No, it's not eurocentric, it's a method, it doesn't matter if it originated in Europa, Asia, Africa, Oceania, America or in other galaxy, it has the same validity.
"i cannot see how your 'organized anarchy' could, in fact, be anarchistic, since modern tech/sci is thoroughly based in historical hierarchy, division (socially/intellectually/ecocidally), colonization, slavery, etc. to brush off this cruel, violent history (often written in gloating manner at having done so) is to perpetuate the notion that some eggs (most often brown eggs) get to be broken in order to make this dystopian omelet of yours. those 'eggs' can be found in the jungles of the amazon and in the shitty factories, mines, service jobs; the displacement and genocide of whole peoples and different ways of living. yech!"

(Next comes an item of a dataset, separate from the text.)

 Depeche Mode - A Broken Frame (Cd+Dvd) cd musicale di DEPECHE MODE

Since I know about anarchy I know it can be organized, for example, with assemblies and direct democracy, I'm not proposing what you say (which isn't anarchy).

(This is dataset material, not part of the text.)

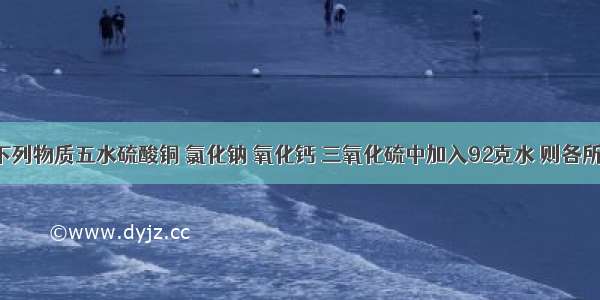 分别8克下列物质五水硫酸铜 氯化钠 氧化钙 三氧化硫中加入92克水 则各所得溶液中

The critique of technology and science that you are doing here, has to be with the mode of production, since this can be solved in anarchocommunism or anarchocollectivism where you can really decide regarding to job.
This was the CNT (Confederación Nacional del Trabajo) in Spain working with industrial technology, it's compatible with anarchy (or I don't see why not).
1. I accept this, the problem with experimentation with animals.
2. That's because markets force us to live like that, a problem of capitalism.
3. Yes, but isn't this how the whole world advances? For example, when the first MRI machines were made and used, the images were not very good for multiple reasons (poor signal, weak RF gradients, inhomogeneities in the magnetic field, various artifacts that sometimes mimicked pathology, etc.). Tackling each and every one of those problems resulted in more problems, more solutions, and so on, until we reached the unbelievably beautiful images we are now capable of acquiring. If Google Glass is another MRI machine, then I am pretty sure quite a few people will make their living for a while trying to solve its problems. (Quoted from a radiologist).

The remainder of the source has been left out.